2. Beasts of Lore: How Stories Turned Fearsome Monsters into Skulking Criminals:
This is the Folklore Chapter, which fills out the picture of what ideas the Europeans had brought to the New World about wolves. Here, Coleman addresses interpretive questions: why do certain stories survive, while others are lost? Why are some seen as more important than others? Important sources of English wolf lore included the Bible, in which wolves were seen as threats to the pastoral ideal. Coleman also tries to suss out some ideas of what Native Americans thought about the wolf. These come to us via English sources, so are necessarily somewhat commercial: their hides were ceremonial gifts or currency. Englishmen didn't probe far enough to figure out the Indian's cultural interest in the wolf, if any, though one of them recorded that the Indians thought wolves who allowed themselves to be killed did so because they were atoning for past misdeeds (another interesting tidbit about Indian hunting practices and their possible ecological or non-ecological effects; see Krech).

3. Wolf Bullets with Adders' Tongues: How to Kill a Wolf in Colonial New England:
Here we get to the nitty-gritty of how Englishmen carried out their campaigns of extermination. Coleman writes that, although Englishmen tried a variety of individual and social measures to extirpate wolves from their territory and keep them from threatening livestock ("dug traps, offered bounties, erected fences..." [52]), "humans and wolves coexisted belligerently for more than a hundred years in a patchwork landscape of agricultural strongholds and feral woods" (53). It's the record of this coexistence that Coleman examines. Interesting Indian-English relationships ensued: although many Indians killed wolves, they found it unproductive to try to collect bounties, as they were seen as deviant and false and needed white proof of their kill in order to cash in (61). In the end, Coleman writes, white colonists eliminated both wolves and Native Americans, sometimes by "offering rewards to one rival to hunt the other" (65).

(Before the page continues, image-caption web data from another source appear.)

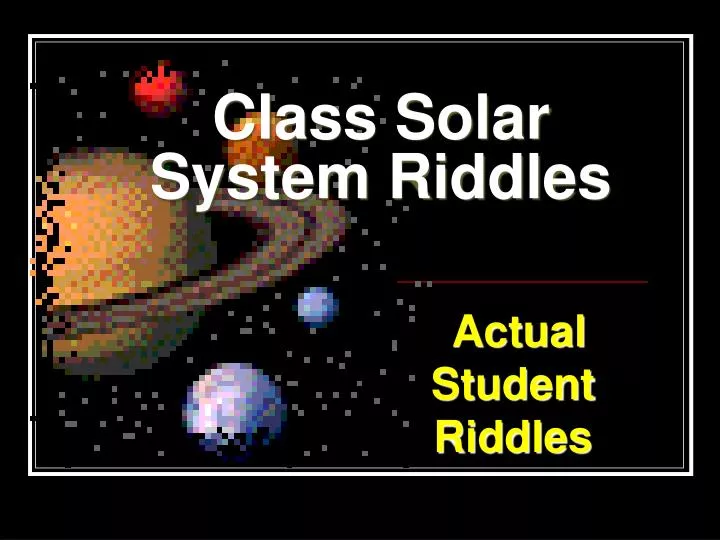 class solar system riddles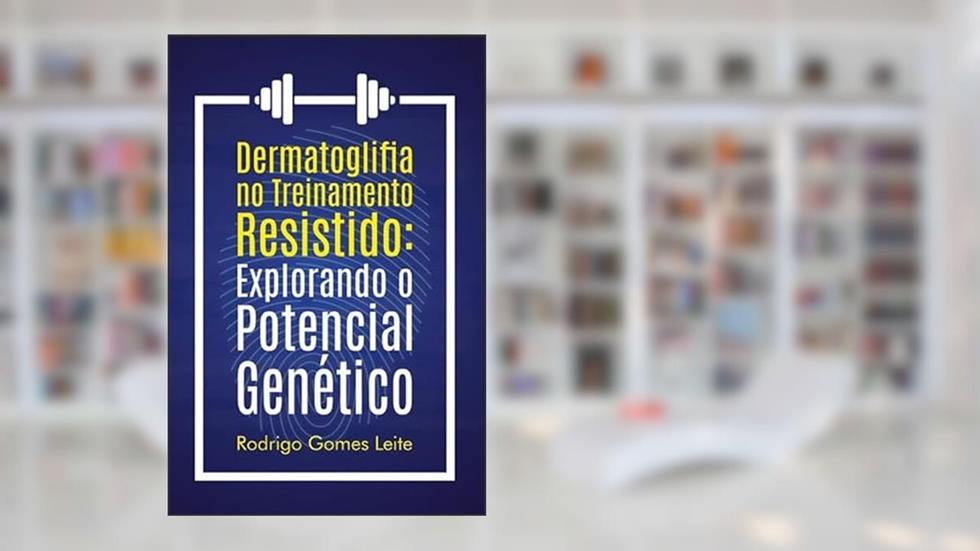 Dermatoglifia No Treinamento Resistido - Explorando o Seu Potencial Genético, do autor Rodrigo Gomes Leite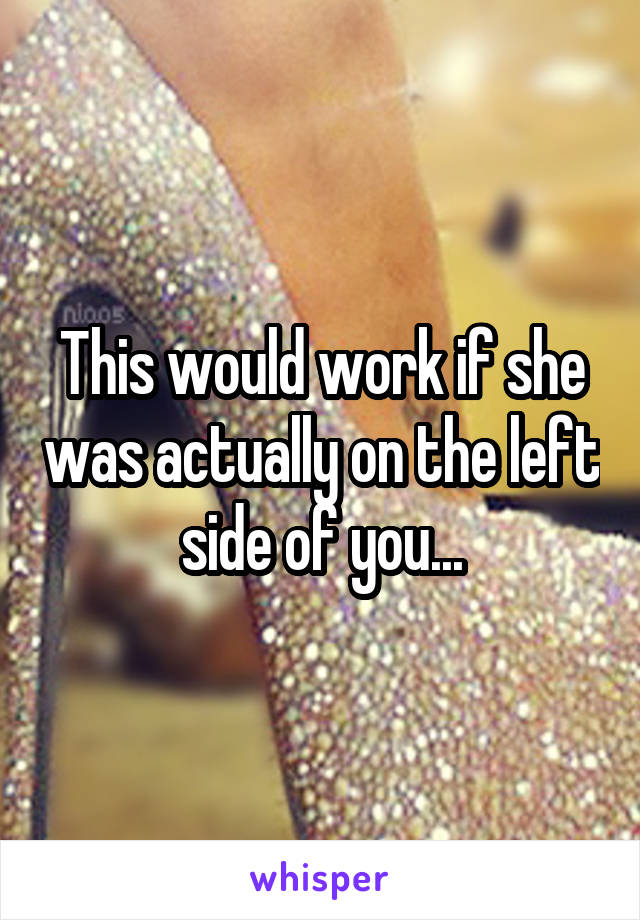 This would work if she was actually on the left side of you...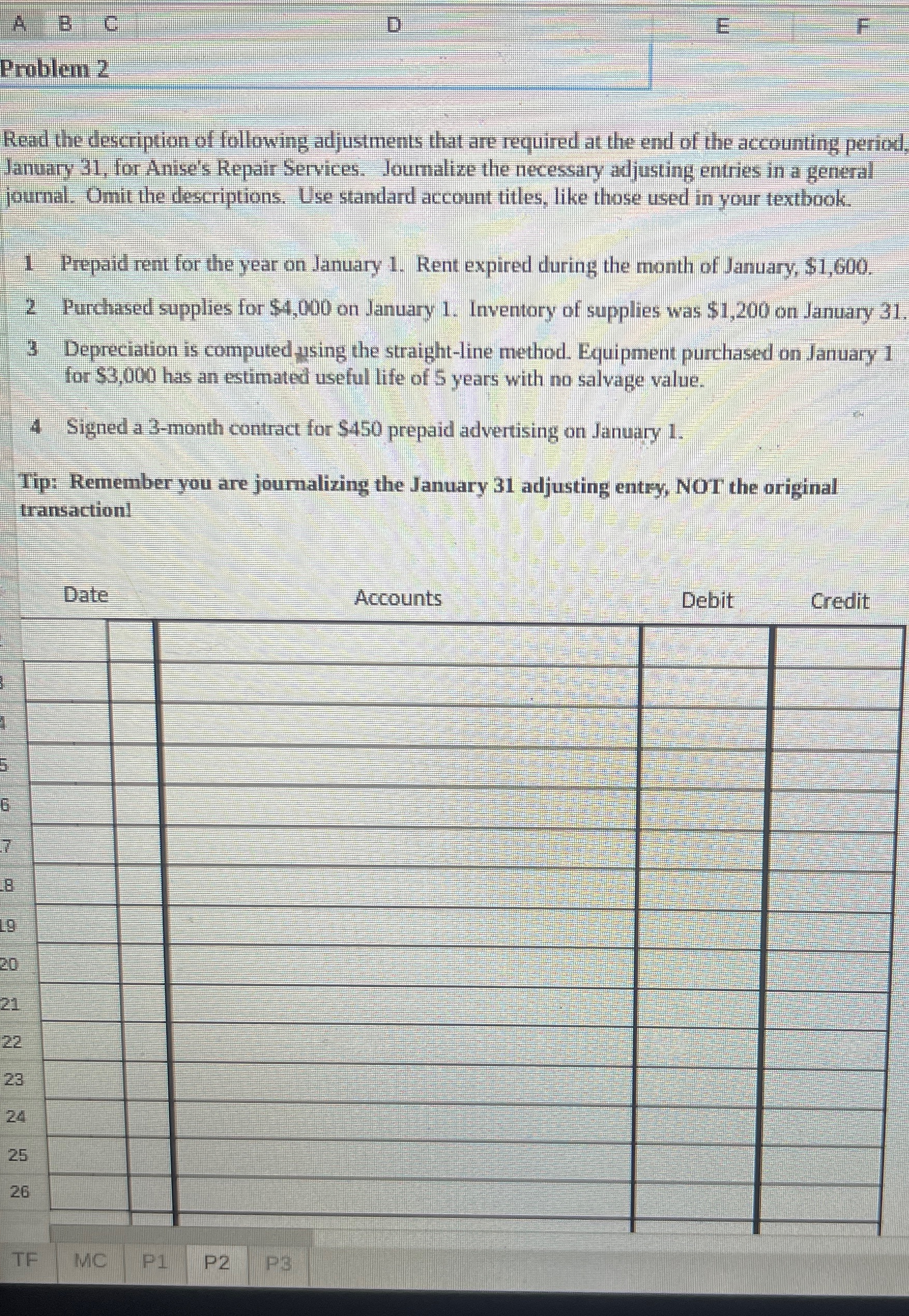 D E Problem 2 Read the description of following adjustments that are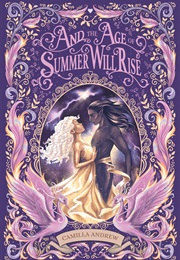 And the Age of Summer Will Rise (Camilla Andrew)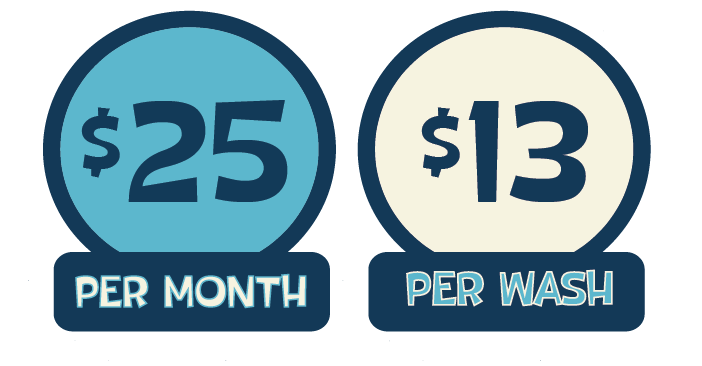 $25 per month - $13 per wash - shorebreak wash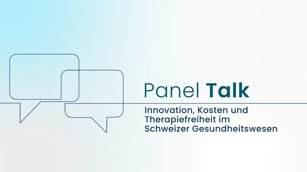 Panel Talk - Innovation, Kosten und Therapiefreiheit im Schweizer Gesundheitswesen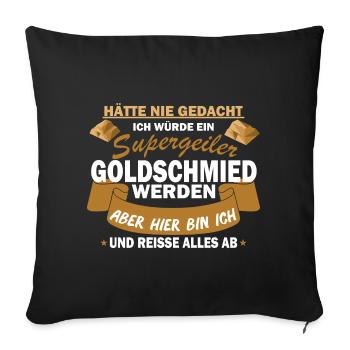 Goldschmied Schmiedekunst Handwerker Geschenk - Sofakissenbezug 45 x 45 cm - Schwarz - Vorne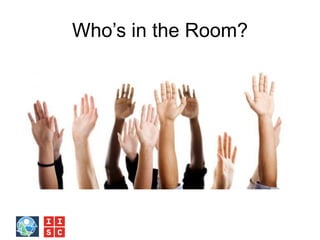 Who’s in the Room?
 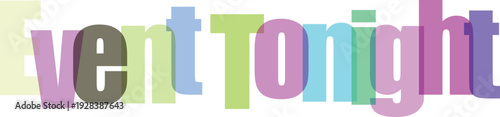 Colorful Event Tonight Text Overlay on White Background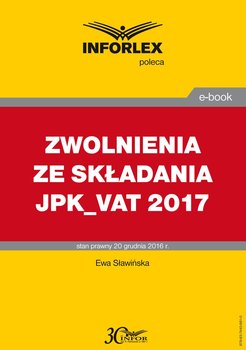 Zwolnienia ze składania JPK - VAT 2017 okładka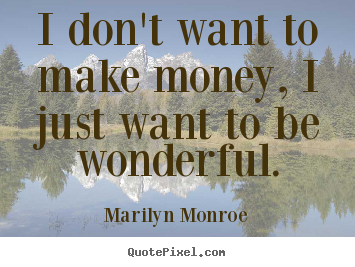 Inspirational quotes - I don't want to make money, i just want to be wonderful.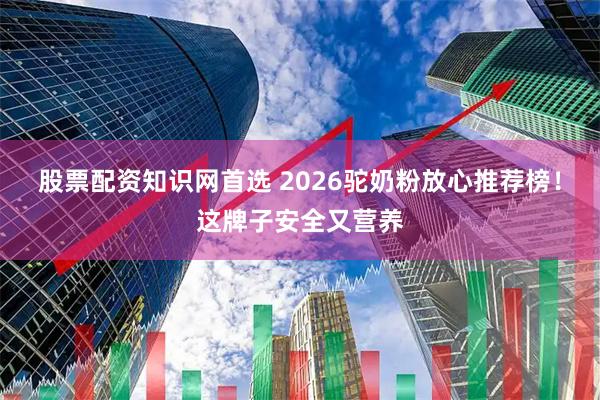 股票配资知识网首选 2026驼奶粉放心推荐榜！这牌子安全又营养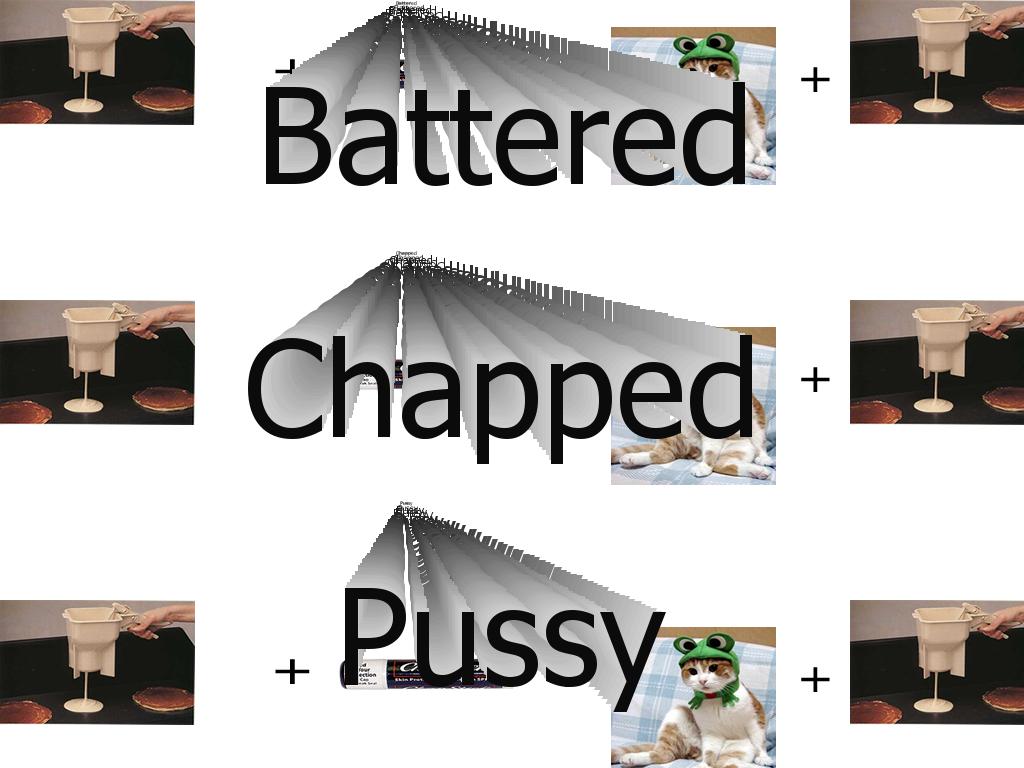 batteredchappedpussy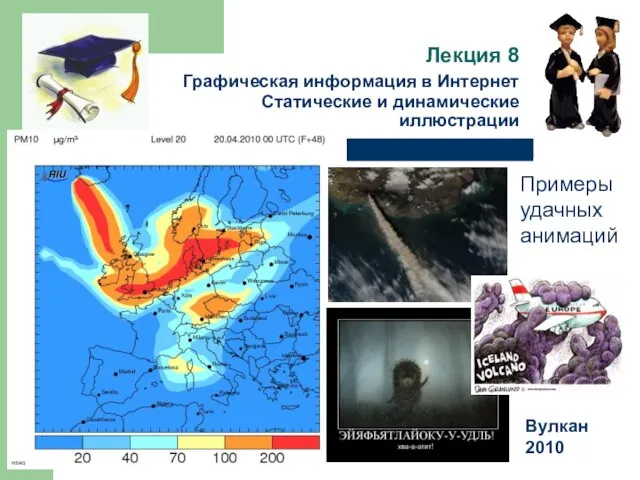 Лекция 8 Графическая информация в Интернет Статические и динамические иллюстрации Примеры удачных анимаций Вулкан 2010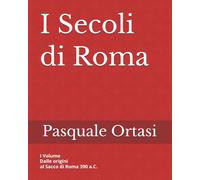I Secoli di Roma: I Volume Dalle origini al Sacco di Roma 390 a.C.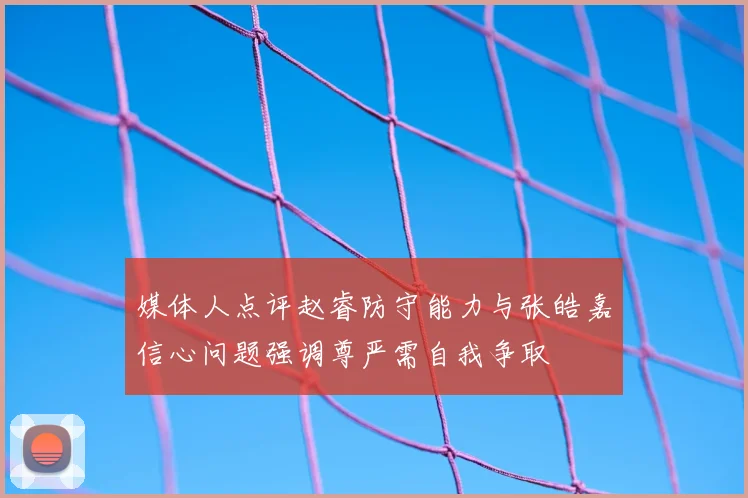 媒体人点评赵睿防守能力与张皓嘉信心问题强调尊严需自我争取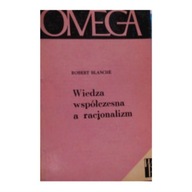 Omega Wiedza współczesna a racjonalizm -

Part Two: The Northeastern Woodlands
4. Predator to Prey: Wolves' Journey Through the Northeastern Woodlands:
This chapter takes a broader chronological view of human cruelty to wolves, making the point that although wolves were mostly extirpated from the northeast by the eighteenth century, Americans have continued to kill them viciously through the 1950s (and even now). Coleman describes some myths about how wolves kill their prey (they suck blood! they hamstring!) These myths have allowed the animals to be categorized as "savage" and thus worthy of wrath. Coleman then describes how scientists such as Adolph Murie and L David Mech studied wolves in the 1940s and 1950s, using airplanes and radio collars, and finally put many (though not all) of the myths to rest. Returning to the eighteenth century, Coleman tells the stories of big-time wolf bounty hunters in the Northeast - their social standing tended to be high - and establishes the strong agricultural context of these killings.

I really like this portrait of L. David Mech, pioneer of radio telemetry, by photographer Layne Kennedy.

5. Surrounded: Fear and Retribution in the Northeastern Forests:
Here are stories about northern settlers and wolves, with Coleman's attempt to place them in a fuller social context, despite the sometimes overwhelming lack of available clues about where the stories came from and what they meant to those who created and heard them. In these stories, Coleman says, Europeans, the "top predators" of the ecological niche, "an aggressive group of animals intent upon expanding their territory, transplanting their culture, and growing their wealth expressed their frustration and protested their vulnerability" (106). Through communal wolf hunts, colonists restored their primacy while "reordering the biotic community" (114) and regenerating themselves through violence (see Slotkin).

6. Metaphors of Slaughter: Two Wolf Hunts:
Two stories of hunts seek to answer the question of why Euro-American colonists "felt so vulnerable" (122) in the face of wolves. One hunt took place in northeastern Ohio (the Western Reserve) in 1818; another took place in Nauvoo, IL, in 1844, and took as its context the precarious position of Mormon settlers in both the natural and cultural worlds of the West (this was not an actual "wolf hunt", but rather a possible massacre of Mormons by non-Mormons, which Coleman uses as a metaphor to show the way that the hunt worked to restore social order).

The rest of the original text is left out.